Compelled

February 8, 2015

Sermoncompelled
Epiphany 5B Sunday February 8, 2015
St Petri

1 Corinthians 9:16-23
16 For when I preach the gospel, I cannot boast, since I am compelled to preach. Woe to me if I do not preach the gospel! 17 If I preach voluntarily, I have a reward; if not voluntarily, I am simply discharging the trust committed to me. 18 What then is my reward? Just this: that in preaching the gospel I may offer it free of charge, and so not make full use of my rights as a preacher of the gospel.
19 Though I am free and belong to no one, I have made myself a slave to everyone, to win as many as possible. 20 To the Jews I became like a Jew, to win the Jews. To those under the law I became like one under the law (though I myself am not under the law), so as to win those under the law. 21 To those not having the law I became like one not having the law (though I am not free from God’s law but am under Christ’s law), so as to win those not having the law. 22 To the weak I became weak, to win the weak. I have become all things to all people so that by all possible means I might save some. 23 I do all this for the sake of the gospel, that I may share in its blessings.

Compelled to win them
When I was in year 8 or 9, I met up with a guy the same age as me who used to be a very good friend. I had moved away and we had not seen each other for over a year. But it was holidays and we hooked up and each got ourselves into the city to meet. We saw a movie (I think it was one of the original Star Wars series).

In the time that we had not seen each other a lot had happened to me. By the insistence of my older sister I had made connections with a local church. I went to a camp they held and came back to regular church connection and new relationships with new people who were teaching me Jesus. I was a very different person now. But my friend knew none of this.

It did not take long for me to realise that I had changed a lot. The jokes, the stories, the values he revealed were not mine anymore. They used to be mine. I knew that Jesus had changed me and I had a bigger and better story to tell now.

In that moment I could have used my new hope and freedom to judge my friend as not worth my time or try and make him feel small. But something compelled me to listen, not judge, share what I could share and avoid what I couldn’t. I knew I had to compromise my own rights and feelings and needs for him so that a gospel seed might be planted and grow in time. I knew that this what Jesus had done for me. He used other people to bring me his hope and love.

Same 30 years later in the men’s soccer shed every Wednesday night for 6 years. Kev, Keith, Fulvio, Ken Dave, Justin, John, and the boys were guys I knew well. They had figured out that they could swear and tell off jokes around me and I would not flinch. I would not judge them as they thought I might. I wouldn’t laugh much sometimes and I never use the same colourful language they did. They noticed. The less I judged them the more they tested me and yet the more they in the end respected me. They would often modify their jokes and language for me – which I thought was great.

Eventually when tragedy struck the group in the form of a man lost by fatal car accident, they turned to me to help them through that.

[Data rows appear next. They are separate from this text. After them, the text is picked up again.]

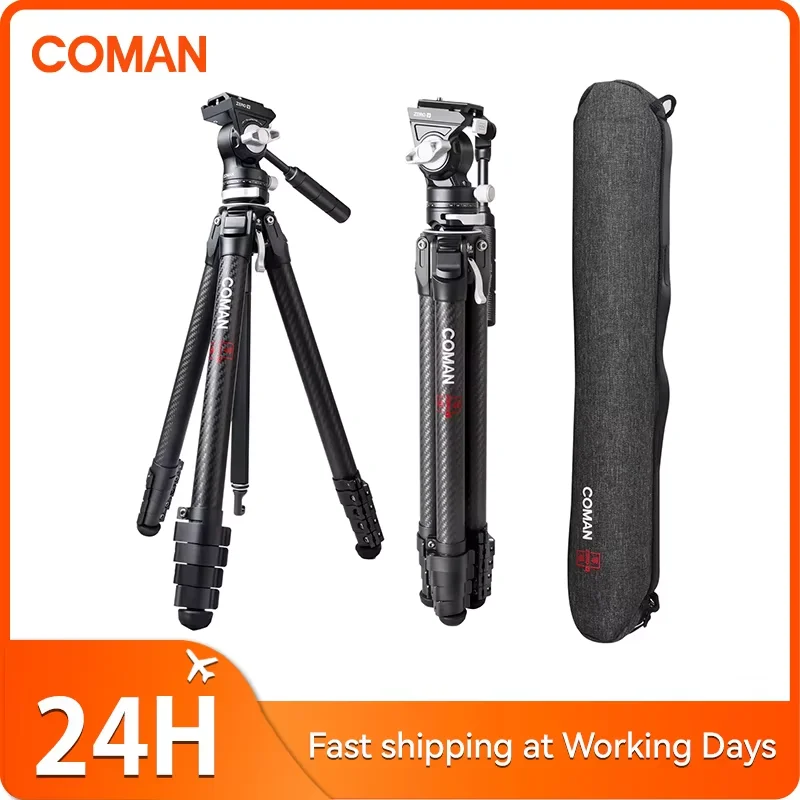 COMAN Null V Carbon Fiber Stativ Professionelle DSLR Kamera Stativ Leichte Reise Video Stativ für Sony Für Canon Für Nikon Image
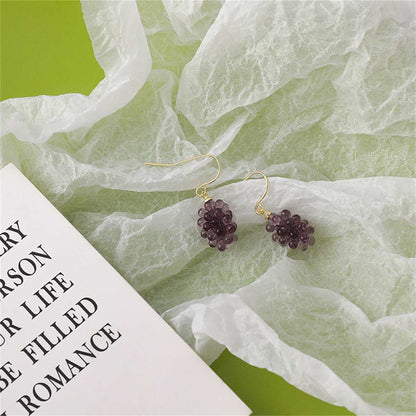 Purple Transparent Resin & Goldtone Grape Bunch Drop Earrings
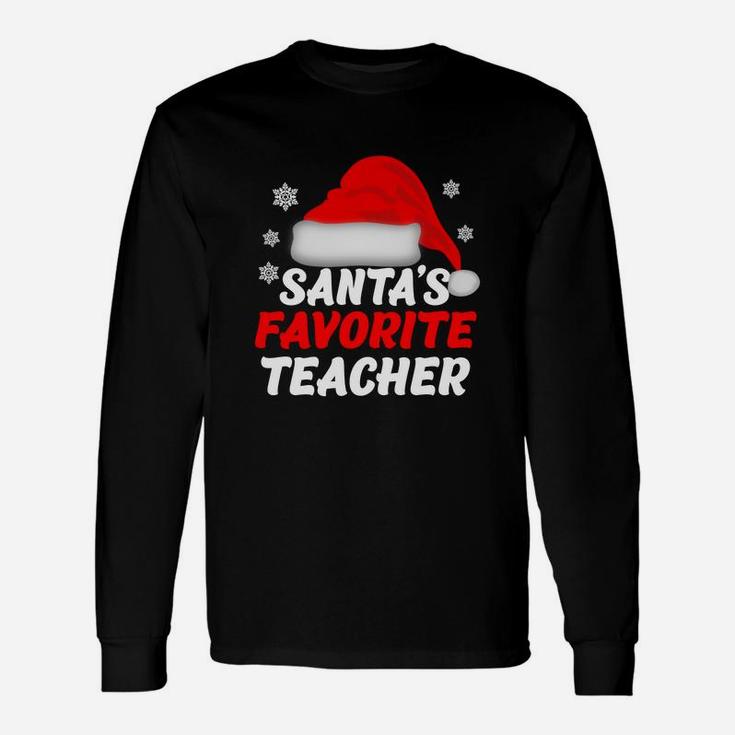 Official Santa’s Favorite Teacher Christmas Women Sweater Long Sleeve T-Shirt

I was compelled to hang in there for these men; putting up with their dead-end view of themselves. Eventually, one of them brought his new baby daughter for baptism. That was a heck of a Sunday service.

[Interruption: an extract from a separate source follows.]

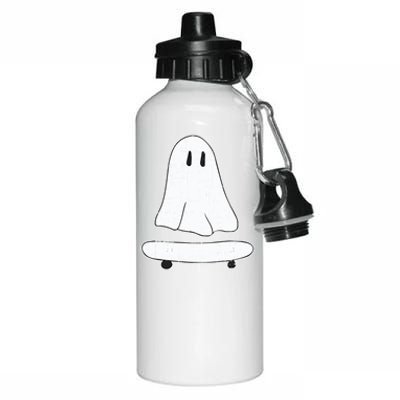 Ghost Skater Halloween Costume Spirit Ghoul SkateboardIng Cool Gift Aluminum Water Bottle 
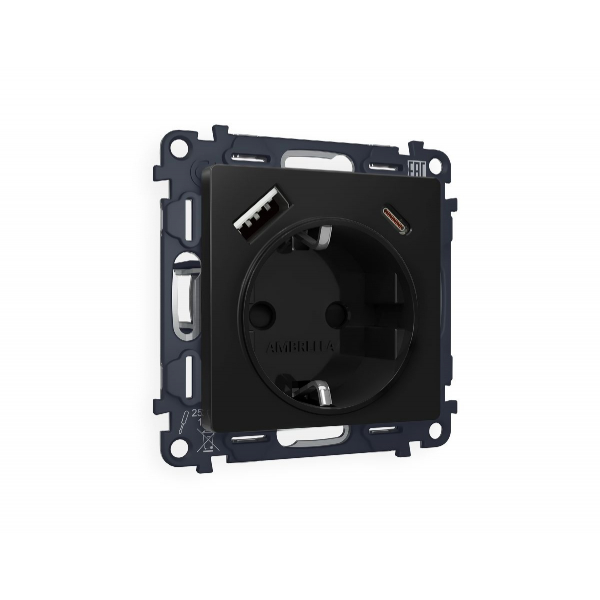 Комплект механизма розетки 2USB A+C 20W (быстрая зарядка) с/з Ambrella Volt Alfa MA810010 Комплект механизма розетки 2USB A+C 20W (быстрая зарядка) с/з Ambrella Volt Alfa MA810010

In this country at every level of our community from the rich to the poor from the employed to jobless, in singleness and marriage there as so much fear, so much addiction, so much lovelessness in families and in marriages and relationships of any ilk. I was compelled by two things: The Call of Jesus to seek out and love the stranger, and compelled to be Jesus’ Good news man in a bad news world.

Is this being all things to all people? I think it is. Ever since coming to a living faith I have been compelled to try and be all things to all people – for their sake.

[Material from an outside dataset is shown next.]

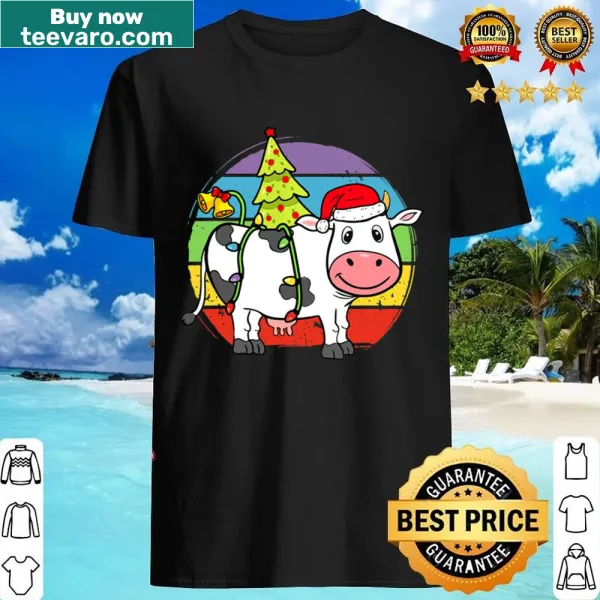 Cute Christmas Cow shirt with Santa hat and lights illustration
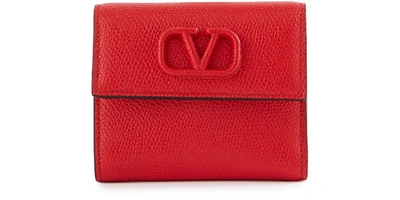 Shop Valentino Mini Wallet In Rouge Pur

But please understand, being all things to all people does not mean compromising the gospel hope but compromising myself and my own right and needs.

Being all things to all people is not about blending in to:
• avoid conflict, let the gospel fall to ground; enter into the things of the world for personal enjoyment.
• a means to avoid challenge, difficulty in relationships or avoid conflict.
• save my own bacon or trying to be a witness of Jesus so that I stay in God’s good books.

Paul gives us the heart reason for our withholding of judgement and disapproval as much as we can and for our actions of love and kindness for as long as we can – it is for them! It is “to win them” for the gospel we love and the Jesus we know who is working in us with his mighty resurrection power that raises the dead and brings the lost home.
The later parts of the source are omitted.